While the computational capabilities of switches have advanced dramatically with the addition of PISA ASICs, switch memory has seen little improvement. On the most popular commodity switch chips today, there is only up to tens of MB of SRAM memory, similar in size to the CPU caches in modern x86 CPUs. Only NFs that can fit their state in this limited memory can be implemented fully on the switch. As a result, the limited memory on current switches has become a major bottleneck in moving NFs, especially memory-intensive NFs, such as full-cone Network Address Translation (NAT) or network monitoring, onto switch hardware.

One possible solution would be to add more memory to switches. However, this is impractical due to *cost*, *flexibility*, and *scalability* concerns. Adding more SRAM, which can support the high bandwidth that switch ASICs needs, is very expensive. Similarly, a DRAM-extensible ASIC that's equipped with DRAM controllers and I/O channels to meet the memory-access bandwidth demand is a very expensive option. Moreover, in this case since DRAM can be used either for one or a few select look-up tables depending on how the DRAM is physically connected to the associated modules within the ASIC chip, it leads to an inflexible usage of DRAM. Neither approach can easily scale the size of memory on demand.

In this talk, we will present an alternative approach in which NFs implemented on a programmable switch can make use of DRAM on servers connected to the network. We call this architecture GEM (Generic External Memory) for programmable switches. This design is driven by the observation that in data centers, DRAM and network resources are underutilized [7, 1, 3, 4]. This gives us an opportunity to leverage those unused resources to extend switches' memory capacity with *low cost*.
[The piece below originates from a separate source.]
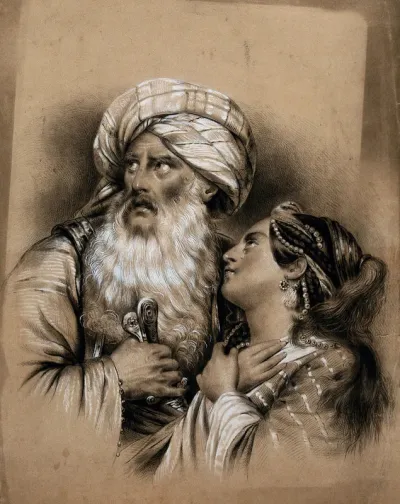 A young tearful woman looking up imploringly at a turbaned man who anxiously looks away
While this low cost solution is appealing, there are several technical challenges before we can realize this in practice. These include performance, load balancing, and fault-tolerance. In the talk, I will describe key challenges and how we address them in GEM. We will also introduce our prototype implementation and preliminary evaluation results to demonstrate the practicality of GEM.

We hope this talk will spur the P4 community to think about more innovative in-network applications with GEM.

## References

- [1] Alibaba. Alibaba production cluster trace data. https://github.com/alibaba/clusterdata, 2017.
- [2] P. Bosshart, G. Gibb, H.-S. Kim, G. Varghese, N. McKeown, M. Izzard, F. Mujica, and M. Horowitz. Forwarding metamorphosis: Fast programmable match-action processing in hardware for sdn. In *ACM SIGCOMM*, 2013.
- [3] Google. Google cluster-usage traces. https://github.com/google/cluster-data, 2011.
- [4] S. Kanev, J. P. Darago, K. Hazelwood, P. Ranganathan, T. Moseley, G.-Y. Wei, and D. Brooks. Profiling a warehouse-scale computer. In *ISCA*, 2015.
- [5] R. Miao, H. Zeng, C. Kim, J. Lee, and M. Yu. Silkroad: Making stateful layer-4 load balancing fast and cheap using switching asics. In *ACM SIGCOMM*, 2017.
- [6] S. Narayana, A. Sivaraman, V. Nathan, P. Goyal, V. Arun, M. Alizadeh, V. Jeyakumar, and C. Kim. Language-directed hardware design for network performance monitoring. In ACM SIGCOMM, 2017.
- [7] Q. Zhang, V. Liu, H. Zeng, and A. Krishnamurthy. High-resolution measurement of data center microbursts. In ACM IMC, 2017.